Nope. He’s talking about the monopoly the oil companies have on transportation in America. According to Huntsman, fossil fuels are the only game in town, and that needs to change:
“We cannot simply drill our way to energy security; we also need to use the power of the marketplace,” the former Utah governor said at the University of New Hampshire.
Heck yeah! The marketplace rules. Leave it to the market:
“This means breaking oil’s monopoly as a transportation fuel, and creating a truly level playing field for competing fuels.”
“I will systemically begin to eliminate every subsidy for energy companies, whether it be oil, natural gas, wind or solar,” he said. “Under my presidency, the United States will get out of the subsidy business.”
Sounds good to me. Let’s do that.
“And if necessary, I will use my executive authority to act unilaterally.”
That money would instead go to energy research.
How exactly does taking money from the people, not giving it to “oil, natural gas, wind or solar” but instead using it to conduct energy research equate to using “the power of the marketplace?” That sounds like a federal government actively working against an industry that has helped build this nation and employs countless Americans?
Does Huntsman understand what is meant by “free market,” or is he like Vizzini in “A Princess Bride,” just using a word without really knowing what it means?

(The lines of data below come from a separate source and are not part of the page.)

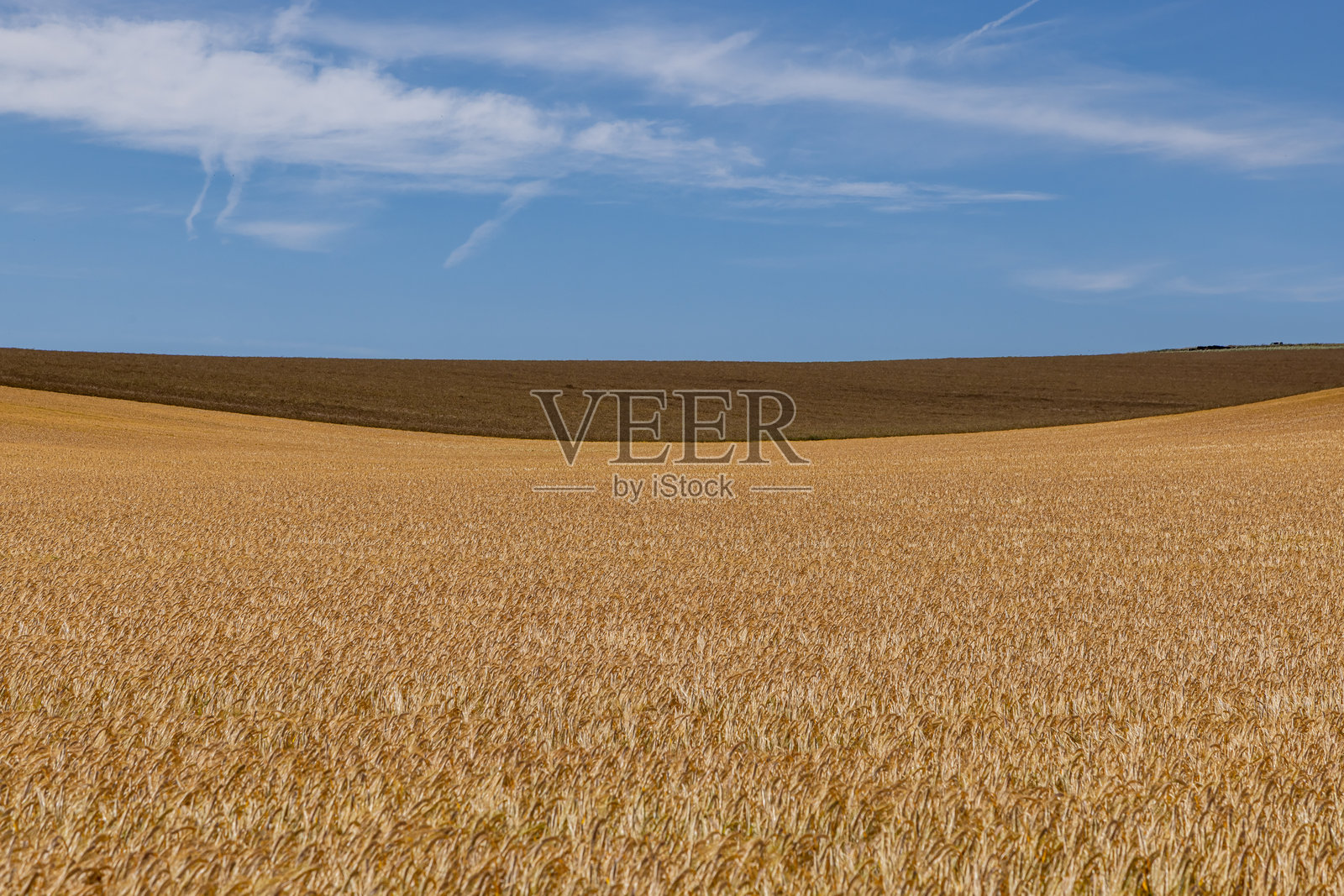 在一片已经变成棕色并准备收割的油菜田前生长的谷物照片摄影图片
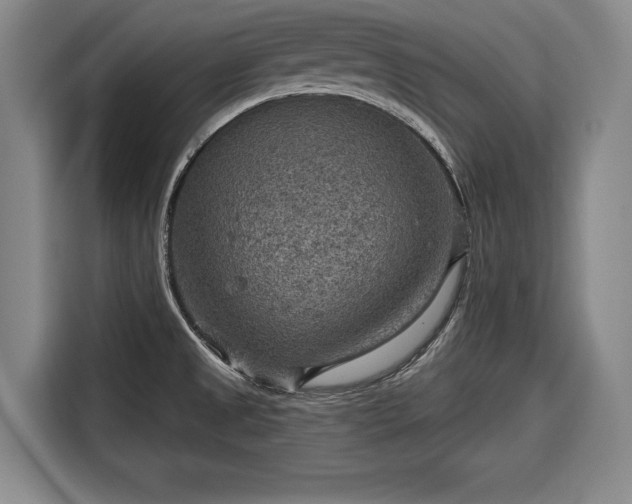 X0000116551525200912171339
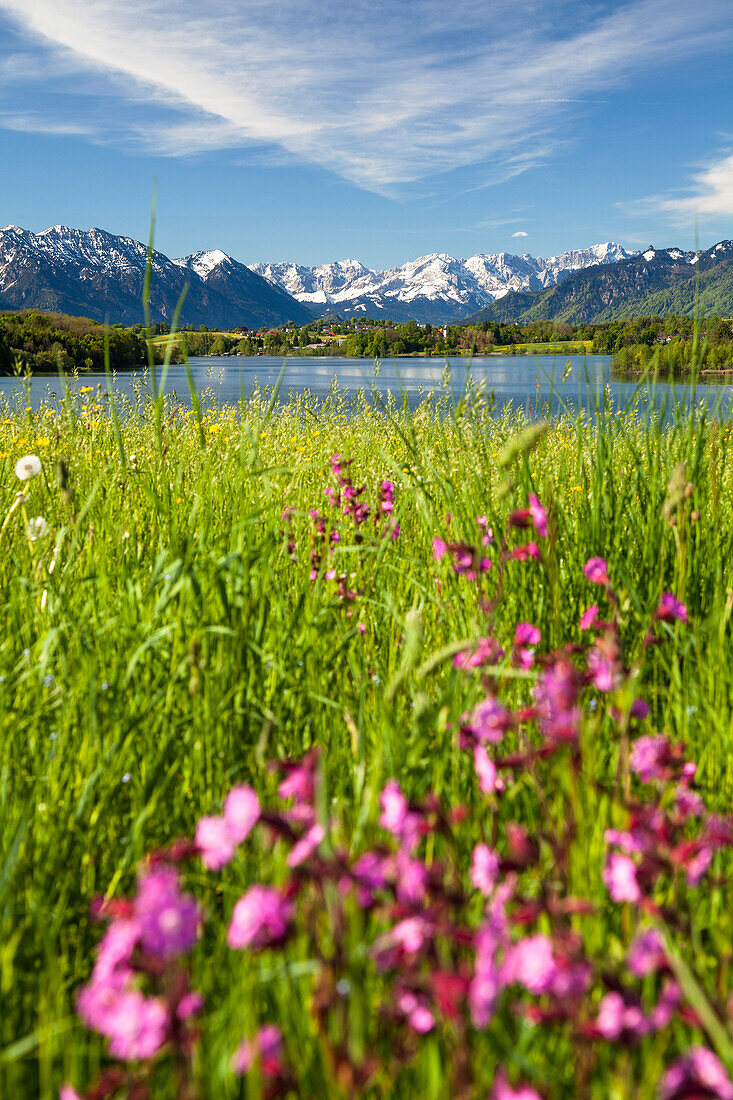 lake Riegsee with flowers and Alps in spring, Upper Bavaria, Germany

The final leg of his plan calls for innovation led by states.
Here’s the last thing I’m putting on here from the Politico story:
“States are laboratories of innovation, yet federal rules handcuff them with red tape,” he said. “Washington needs to give states more flexibility to develop unique energy solutions.”
Huntsman is half right. States are laboratories of innovation, and federal rules do handcuff them. But Washington doesn’t need to give states more flexibility. It needs to get out of their way. It needs to be constrained to the limits outlined in the Constitution.
It doesn’t need to cut them some slack. It needs to cut them loose.
Huntsman talks a lot and says little. And what he does say shows he’s not serious about free market economics.